The budget deficit narrowed by 2.89% to P983.5 billion in the first nine months, but it was 11% lower than its program for the period, data from the Bureau of the Treasury (BTr) showed.
Government revenues rose by 6.79% to P2.84 trillion, surpassing its target by 2.98%. However, state spending went up by 4.12% to P3.82 trillion but missed its target for the period by 1.06%.
The government has set a budget deficit ceiling of P1.499 trillion this year, equivalent to 6.1% of the gross domestic product (GDP). The program consists of P3.729 trillion in revenues and P5.228 trillion in expenditures.
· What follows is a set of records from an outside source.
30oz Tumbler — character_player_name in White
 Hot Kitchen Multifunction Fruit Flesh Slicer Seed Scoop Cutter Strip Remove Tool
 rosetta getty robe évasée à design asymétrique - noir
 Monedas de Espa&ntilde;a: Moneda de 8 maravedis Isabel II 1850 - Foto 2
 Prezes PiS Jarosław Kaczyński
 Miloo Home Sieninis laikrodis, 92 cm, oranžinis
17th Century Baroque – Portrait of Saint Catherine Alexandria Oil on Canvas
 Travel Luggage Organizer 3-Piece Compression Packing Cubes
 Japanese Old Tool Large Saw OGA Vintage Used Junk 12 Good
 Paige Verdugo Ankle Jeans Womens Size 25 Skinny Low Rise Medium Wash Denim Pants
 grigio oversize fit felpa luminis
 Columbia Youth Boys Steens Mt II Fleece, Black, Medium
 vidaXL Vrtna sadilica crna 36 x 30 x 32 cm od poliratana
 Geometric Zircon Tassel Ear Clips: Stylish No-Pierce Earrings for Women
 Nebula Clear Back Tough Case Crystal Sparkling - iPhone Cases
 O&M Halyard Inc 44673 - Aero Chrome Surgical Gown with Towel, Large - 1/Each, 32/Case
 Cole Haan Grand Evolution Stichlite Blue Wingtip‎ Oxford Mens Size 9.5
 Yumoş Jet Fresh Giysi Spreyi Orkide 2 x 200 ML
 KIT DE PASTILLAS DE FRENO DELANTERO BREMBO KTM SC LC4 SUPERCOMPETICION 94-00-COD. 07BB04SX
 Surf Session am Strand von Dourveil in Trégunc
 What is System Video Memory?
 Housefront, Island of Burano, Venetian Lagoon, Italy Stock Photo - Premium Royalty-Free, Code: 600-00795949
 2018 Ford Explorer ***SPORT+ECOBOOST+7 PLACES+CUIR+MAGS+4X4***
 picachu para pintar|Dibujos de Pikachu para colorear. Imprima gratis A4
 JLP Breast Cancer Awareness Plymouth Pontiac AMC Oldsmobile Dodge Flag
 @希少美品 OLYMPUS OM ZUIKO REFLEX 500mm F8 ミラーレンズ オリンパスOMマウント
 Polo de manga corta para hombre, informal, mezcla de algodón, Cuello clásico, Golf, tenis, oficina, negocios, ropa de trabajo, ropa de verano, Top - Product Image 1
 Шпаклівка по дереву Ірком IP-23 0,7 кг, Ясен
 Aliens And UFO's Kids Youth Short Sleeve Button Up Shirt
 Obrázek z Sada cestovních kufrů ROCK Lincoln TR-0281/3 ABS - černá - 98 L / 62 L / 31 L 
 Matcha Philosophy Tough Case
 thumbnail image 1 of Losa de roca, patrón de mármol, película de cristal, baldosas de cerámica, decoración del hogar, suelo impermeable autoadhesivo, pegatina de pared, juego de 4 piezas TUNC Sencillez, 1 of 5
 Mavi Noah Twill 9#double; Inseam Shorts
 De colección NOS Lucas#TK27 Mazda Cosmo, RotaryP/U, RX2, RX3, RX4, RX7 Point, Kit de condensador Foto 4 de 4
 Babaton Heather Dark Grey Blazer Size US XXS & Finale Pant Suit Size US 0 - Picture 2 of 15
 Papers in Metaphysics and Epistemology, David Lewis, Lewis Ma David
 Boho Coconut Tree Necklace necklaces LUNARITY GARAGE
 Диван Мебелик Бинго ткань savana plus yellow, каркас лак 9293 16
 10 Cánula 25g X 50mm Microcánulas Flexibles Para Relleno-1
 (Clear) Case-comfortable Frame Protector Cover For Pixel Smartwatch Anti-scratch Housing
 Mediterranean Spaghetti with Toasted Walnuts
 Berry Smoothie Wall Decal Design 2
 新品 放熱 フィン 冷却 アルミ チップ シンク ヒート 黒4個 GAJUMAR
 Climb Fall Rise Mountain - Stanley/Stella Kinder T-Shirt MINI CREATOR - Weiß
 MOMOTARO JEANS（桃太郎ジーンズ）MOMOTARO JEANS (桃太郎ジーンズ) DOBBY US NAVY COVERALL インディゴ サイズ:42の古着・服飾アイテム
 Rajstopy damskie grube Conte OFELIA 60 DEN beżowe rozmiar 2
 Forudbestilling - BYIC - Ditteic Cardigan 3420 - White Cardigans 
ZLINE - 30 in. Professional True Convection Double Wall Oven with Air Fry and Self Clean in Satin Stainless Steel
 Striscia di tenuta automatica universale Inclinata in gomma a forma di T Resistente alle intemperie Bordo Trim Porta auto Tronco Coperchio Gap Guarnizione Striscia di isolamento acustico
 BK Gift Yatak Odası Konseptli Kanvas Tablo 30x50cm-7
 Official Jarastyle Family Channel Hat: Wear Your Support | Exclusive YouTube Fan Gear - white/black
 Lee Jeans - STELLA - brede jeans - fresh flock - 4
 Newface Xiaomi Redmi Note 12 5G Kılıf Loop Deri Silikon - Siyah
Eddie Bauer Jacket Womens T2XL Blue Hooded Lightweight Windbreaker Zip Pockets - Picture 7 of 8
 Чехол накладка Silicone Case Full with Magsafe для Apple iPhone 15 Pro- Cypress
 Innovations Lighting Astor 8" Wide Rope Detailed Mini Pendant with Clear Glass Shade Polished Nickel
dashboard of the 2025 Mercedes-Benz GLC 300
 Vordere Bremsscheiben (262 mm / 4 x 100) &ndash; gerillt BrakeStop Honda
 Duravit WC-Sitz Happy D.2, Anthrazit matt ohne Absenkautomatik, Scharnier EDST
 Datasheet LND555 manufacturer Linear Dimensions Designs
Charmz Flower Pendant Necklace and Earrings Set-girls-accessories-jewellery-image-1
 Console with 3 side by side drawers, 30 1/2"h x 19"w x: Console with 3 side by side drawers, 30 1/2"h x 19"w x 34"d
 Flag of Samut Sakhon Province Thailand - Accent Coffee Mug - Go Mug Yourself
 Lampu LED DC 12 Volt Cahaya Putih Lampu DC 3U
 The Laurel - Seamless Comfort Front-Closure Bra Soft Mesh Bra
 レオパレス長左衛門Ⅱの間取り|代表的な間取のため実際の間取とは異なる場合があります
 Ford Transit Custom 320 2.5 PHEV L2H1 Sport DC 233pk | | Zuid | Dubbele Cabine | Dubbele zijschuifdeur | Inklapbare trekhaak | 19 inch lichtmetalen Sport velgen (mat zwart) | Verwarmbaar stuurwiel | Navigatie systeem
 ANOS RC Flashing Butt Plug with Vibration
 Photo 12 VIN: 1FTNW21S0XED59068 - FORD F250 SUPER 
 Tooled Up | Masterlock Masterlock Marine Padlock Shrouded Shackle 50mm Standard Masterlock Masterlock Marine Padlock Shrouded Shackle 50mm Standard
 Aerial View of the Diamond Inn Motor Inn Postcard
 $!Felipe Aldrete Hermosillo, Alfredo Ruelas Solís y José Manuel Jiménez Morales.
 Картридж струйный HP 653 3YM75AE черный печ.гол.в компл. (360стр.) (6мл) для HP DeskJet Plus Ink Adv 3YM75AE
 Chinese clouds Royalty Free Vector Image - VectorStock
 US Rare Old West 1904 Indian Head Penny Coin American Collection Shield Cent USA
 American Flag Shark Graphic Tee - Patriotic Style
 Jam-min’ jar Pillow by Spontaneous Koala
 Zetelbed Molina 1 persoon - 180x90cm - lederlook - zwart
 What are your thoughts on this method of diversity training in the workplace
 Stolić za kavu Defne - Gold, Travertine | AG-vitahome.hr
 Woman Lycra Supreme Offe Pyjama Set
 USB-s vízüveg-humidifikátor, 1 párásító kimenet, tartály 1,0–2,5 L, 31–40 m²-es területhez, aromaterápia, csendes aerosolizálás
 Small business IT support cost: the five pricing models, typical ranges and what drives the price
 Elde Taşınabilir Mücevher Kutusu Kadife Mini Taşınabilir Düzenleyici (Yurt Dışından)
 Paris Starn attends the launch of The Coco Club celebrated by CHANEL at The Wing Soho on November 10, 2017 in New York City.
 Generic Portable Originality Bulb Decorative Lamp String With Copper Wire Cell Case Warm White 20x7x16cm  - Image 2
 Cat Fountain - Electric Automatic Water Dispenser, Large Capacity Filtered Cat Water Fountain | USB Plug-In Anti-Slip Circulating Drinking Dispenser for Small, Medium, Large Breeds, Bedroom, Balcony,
“Although we do note a pickup in spending in the third quarter, we believe that challenges related to the devolution of certain expenditure to the local government units (LGU) level may be hampering the ability for spending to pick up in a considerable and sustained manner,” Mr. Mapa said.
Ateneo de Manila University economics professor Leonardo A. Lanzona said the year-to-date fiscal deficit is only over 60% of the full-year deficit program, noting that revenues have also lagged behind spending.
“The government spending was indeed pretty low for the whole year, but after raising spending to spur growth in the last six months of the year, the revenues have not kept pace with the programmed expenditures for the year,” Mr. Lanzona said in an e-mail.
“The problem apparently is the failure to spend because of limited funding apart from revenues. In order to engage in deficit spending, resources other than tax revenues need to be available. However, it seems that the government has not been able to obtain these nontax generated resources in order to support its deficit spending,” he added.
Filomeno S. Sta. Ana III, coordinator of Action for Economic Reforms, said that the government has so far “underperformed” in both generating revenues and ramping up spending.
“The government’s actual conduct to narrow the deficit is to underspend. (It’s) bad for growth,” he said via Facebook Messenger.
Mr. Mapa also noted the potential impact of slow government spending on gross domestic product (GDP) growth this year.
“We have already witnessed the negative impact on underspending with second-quarter GDP sliding to 4.3% after the -7.1% performance of the National Government,” he said.
The economy grew by a weaker-than-expected 4.3% GDP growth in the second quarter, slower than the 6.4% growth in the first quarter and 7.5% a year ago. It was also well below the government’s 6-7% target this year. The Philippine Statistics Authority (PSA) is set to release third-quarter GDP data on Nov. 9.
After the 7.1% contraction in government expenditures in the second quarter, the Finance department has ordered agencies to come up with catch-up plans for spending.
Mr. Lanzona said that the government will need to focus on strengthening the domestic economy to support growth.
“In effect, the government economic programs have been limping instead of sprinting despite the higher tax revenues, it is crucial to focus more on preparing the local economy to adapt to current economic and technological trends, instead of spending time abroad looking for foreign investments, in order to avail of loans and added borrowings to pursue their programs,” he said.
“With the recent hike in interest rates, the problem seems to have worsened, and the government is stuck to this lower budget deficit as it becomes more and more difficult to avail of outside funds,” he added.